David Safier : Sors de ce corps, William ! /Rentre dans ce roman, lecteur !



                 Olà ! Cette première lecture de vacances au Portugal va nous faire décidément voyager ! A travers l’Allemagne, l’Angleterre, mais aussi à travers les siècles. Ainsi donc, David Safier nous propose une comédie dramatique et sentimentale très divertissante intitulée Sors de ce corps, William ! parue en 2010 aux éditions Presse de la Cité.

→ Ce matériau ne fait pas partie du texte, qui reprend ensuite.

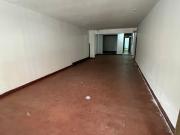 Casa Local En Arriendo En Bogota En Carvajal A270207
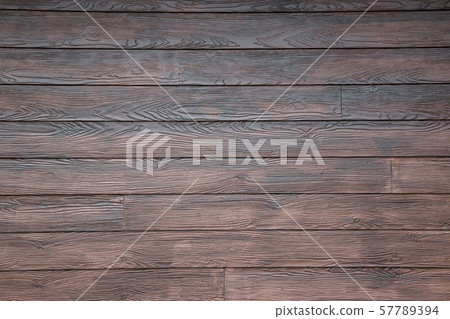 Brown wood texture background Brown wood texture background 57789394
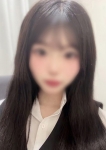 内山あみ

                Rosa est dans une mauvaise passe amoureuse : le grand amour de sa vie, Jan, s’apprête à épouser une autre femme. Comment faire pour le récupérer ? Un soir, de sortie au cirque, Rosa assiste à un numéro de régression temporelle : le magicien Prospéro est en effet capable d’envoyer l’esprit d’une personne dans le temps, à l’intérieur d’une précédente incarnation. C’est ainsi que Rosa va se réveiller dans la carcasse de… Shakespeare ! Retour possible dans le présent : seulement après avoir découvert ce qu’est l’amour véritable.

                Avec Sors de ce corps, William !, David Safier nous emmène dans l’Angleterre élisabéthaine et nous fait partager des aventures trépidantes et pleines de rebondissements : il s’agit en effet pour Rosa de trouver qui est son amour prédestiné alors que son esprit a pris possession de la carcasse de… William Shakespeare !  et que le malheureux est empêtré dans un tas de problèmes personnels liés à ses mœurs plus ou moins légères et qu’une mission de la plus haute importance lui échoie : ravir, par sa poésie, le cœur de la comtesse Marie pour le comte d’Essex qui est épris d’elle et qui veut l’épouser ; c’est à ce prix que le comte d’Essex reprendra les armes contre les ennemis irlandais et espagnols.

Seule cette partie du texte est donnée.